* WHAT YOU NEED TO DO
Retype all the entries word for word, but omit the pictures.

* MATERIALS PROVIDED
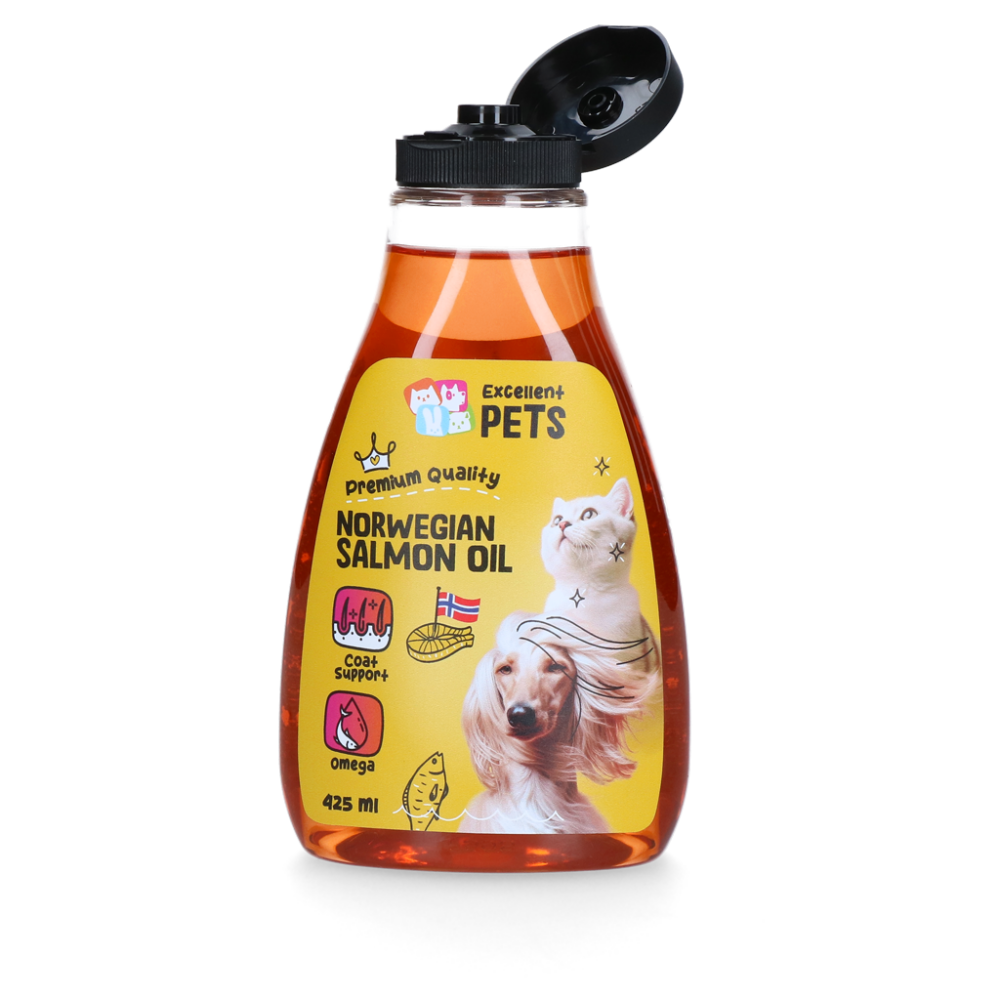 Excellent Pets Noorse Zalmolie 425 ml (knijpflacon)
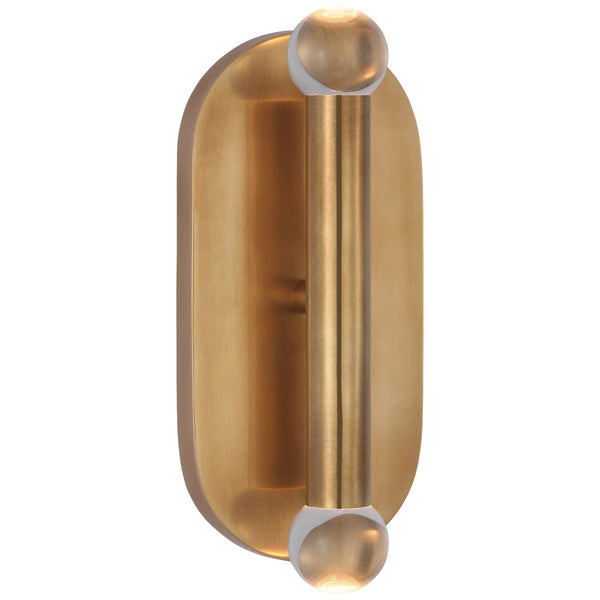 Rosseau 4.25" LED Wall Sconce, Antique-Burnished Brass with Clear Glass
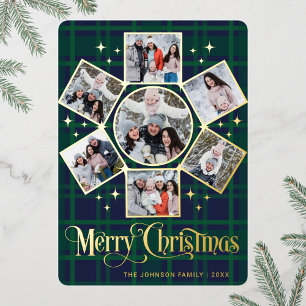 7 PHOTO Sparkle Merry Christmas Greeting Gold Foil Holiday Card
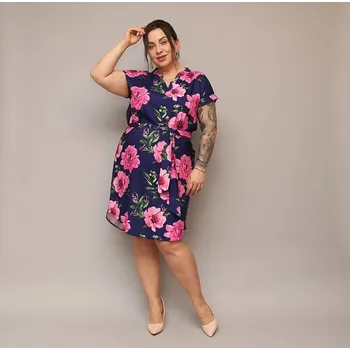 Dámské šaty Modré květované šaty s páskem Moonlight, odstíny modré XXL (44) i392_24048-15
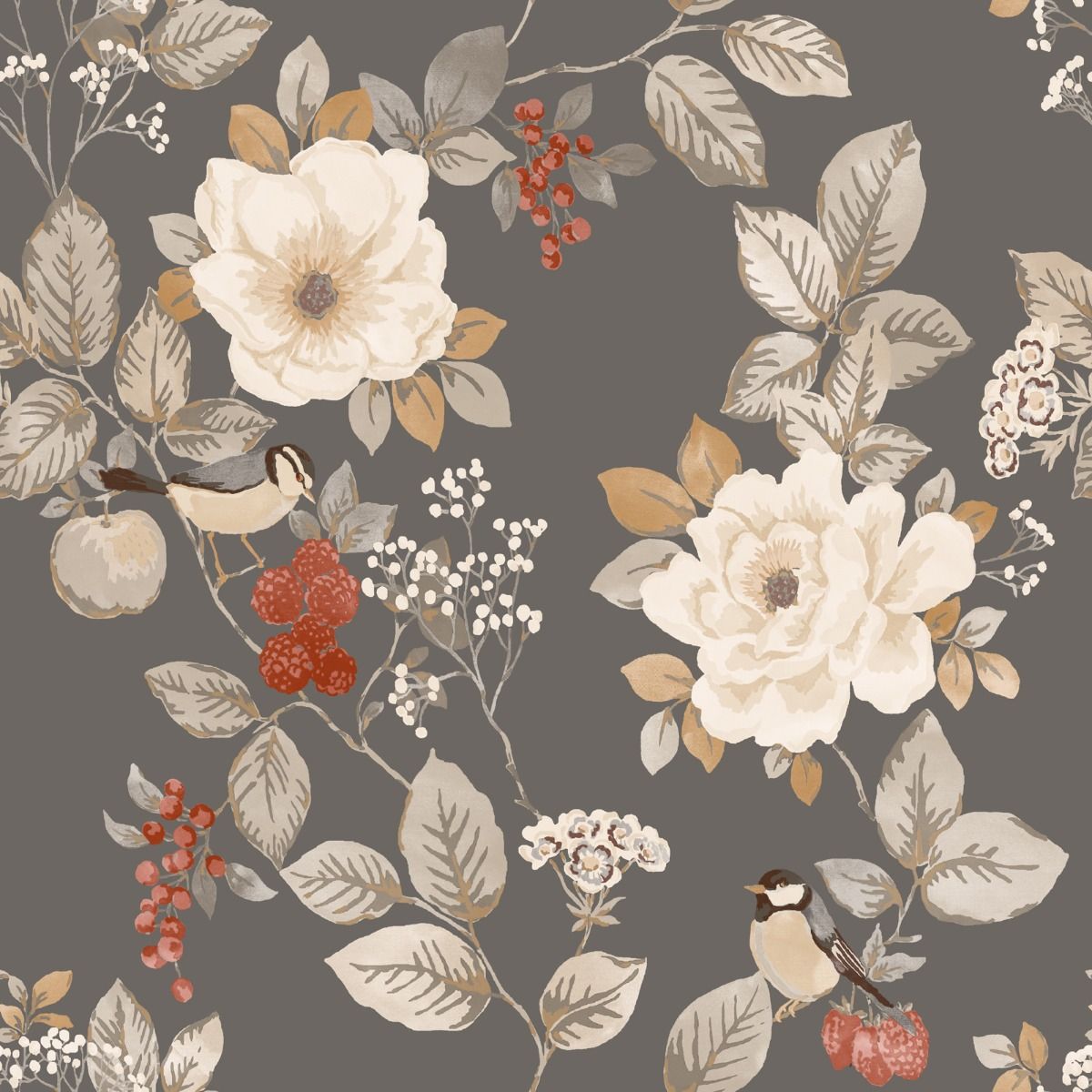 Bramble Floral Wallpaper - Charcoal - Belgravia - 2303 - Premier Wallcovering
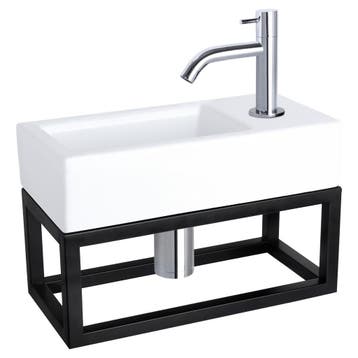 Fonteinset Differnz Ravo Keramiek Met Handoekrek 38.5x18.5x9, Ophalen of Verzenden, Nieuw, Overige typen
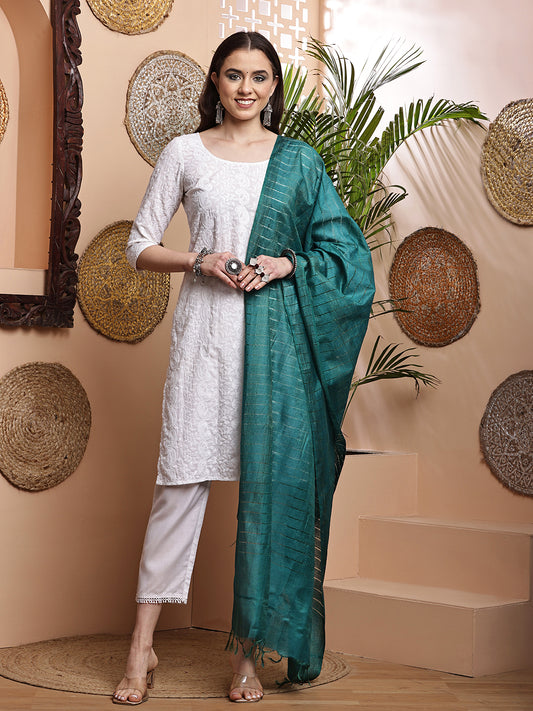 Dupatta- Cotton Viscose Silk- Teal Green Kantha Border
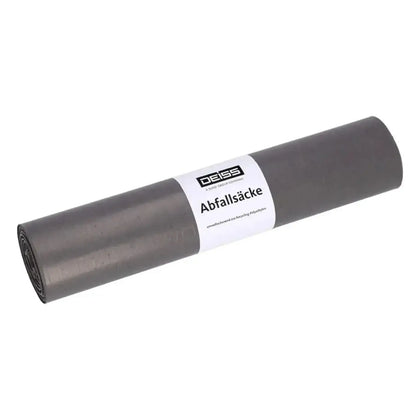 A roll of deiss standard 30 liter dark gray hdpe durable plastic trash bags with a white label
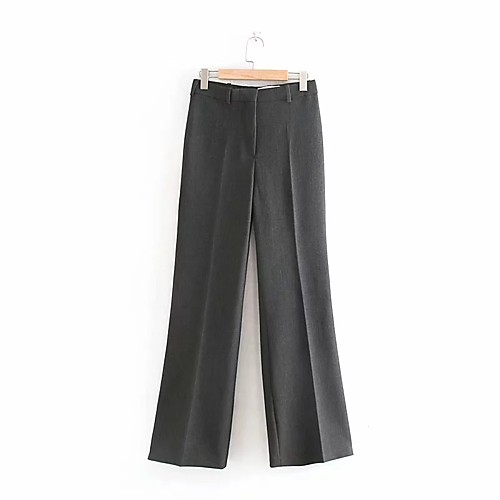 

Women's Basic Streetwear Comfort Daily Going out Dress Pants Pants Pants Solid Colored Full Length Pocket Gray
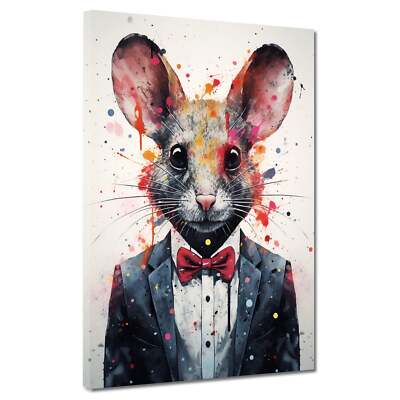 Maus abstrakt im Anzug Pop Art Leinwandbild Wandbild Kunstdruck XL Deko
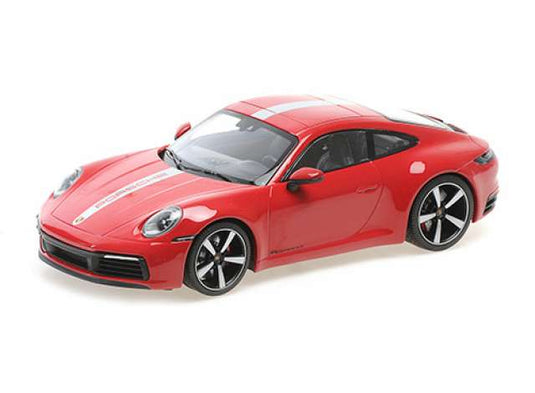 Porsche 911 (992) Carrera 4S クーペ 2019 レッド シルバー / Minichamps 1/18 ミニカー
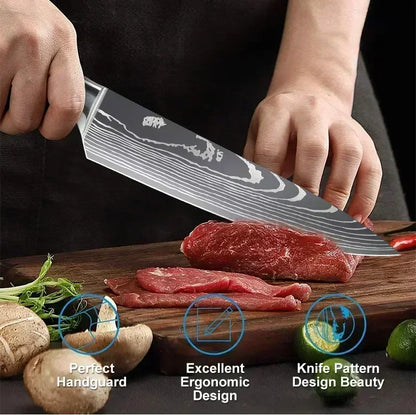 Laser Damascus Kitchen Knife Set – Cleaver, Santoku, Bread, Boning & Kitchen Scissors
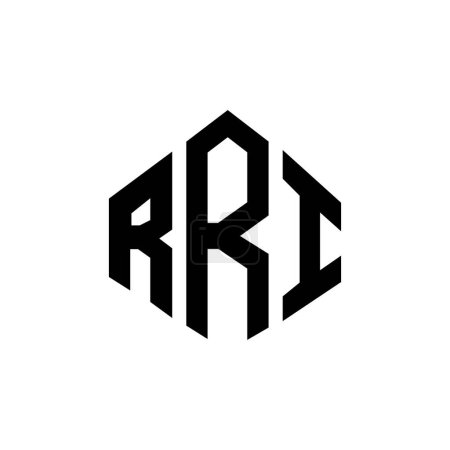 Illustration for RRI letter logo design with polygon shape. RRI polygon and cube shape logo design. RRI hexagon vector logo template white and black colors. RRI monogram, business and real estate logo. - Royalty Free Image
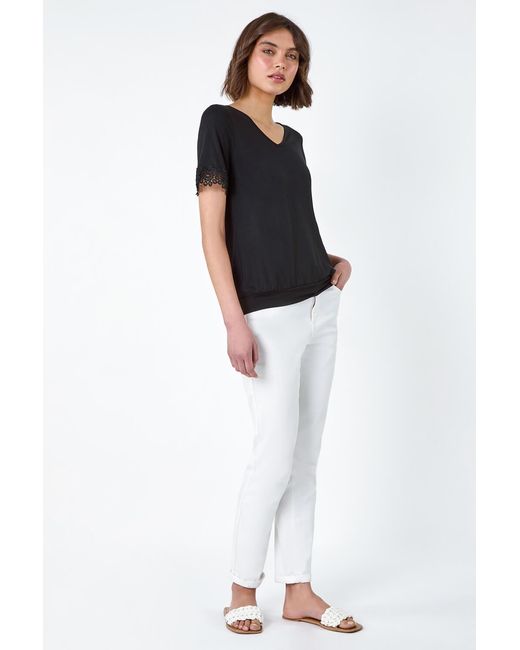 Roman Black Lace Trim Stretch Jersey T-Shirt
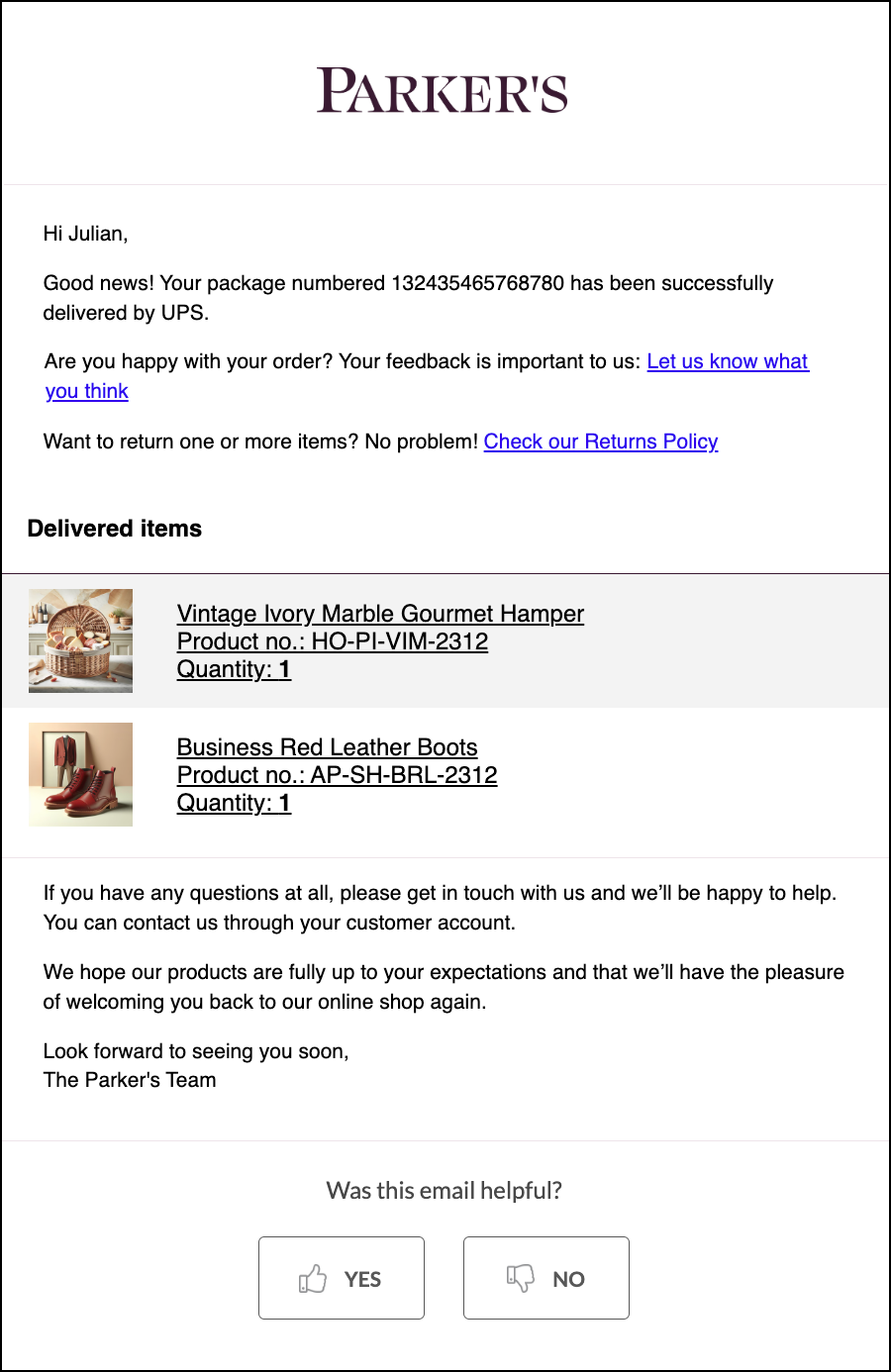 Delivered email example with order summary and link to register a return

* ANSWER BOX
 Excellent Pets Noorse Zalmolie 425 ml (knijpflacon)
 Rosseau 4.25" LED Wall Sconce, Antique-Burnished Brass with Clear Glass
 7 PHOTO Sparkle Merry Christmas Greeting Gold Foil Holiday Card
 Dámské šaty Modré květované šaty s páskem Moonlight, odstíny modré XXL (44) i392_24048-15
 Bramble Floral Wallpaper - Charcoal - Belgravia - 2303 - Premier Wallcovering
 Fonteinset Differnz Ravo Keramiek Met Handoekrek 38.5x18.5x9, Ophalen of Verzenden, Nieuw, Overige typen
 Dupatta- Cotton Viscose Silk- Teal Green Kantha Border
 A roll of deiss standard 30 liter dark gray hdpe durable plastic trash bags with a white label

Women's Basic Streetwear Comfort Daily Going out Dress Pants Pants Pants Solid Colored Full Length Pocket Gray
 Maus abstrakt im Anzug Pop Art Leinwandbild Wandbild Kunstdruck XL Deko
 Porsche 911 (992) Carrera 4S クーペ 2019 レッド シルバー / Minichamps 1/18 ミニカー
 Laser Damascus Kitchen Knife Set – Cleaver, Santoku, Bread, Boning & Kitchen Scissors
 Illustration for RRI letter logo design with polygon shape. RRI polygon and cube shape logo design. RRI hexagon vector logo template white and black colors. RRI monogram, business and real estate logo. - Royalty Free Image
 Roman Black Lace Trim Stretch Jersey T-Shirt
 Delivered email example with order summary and link to register a return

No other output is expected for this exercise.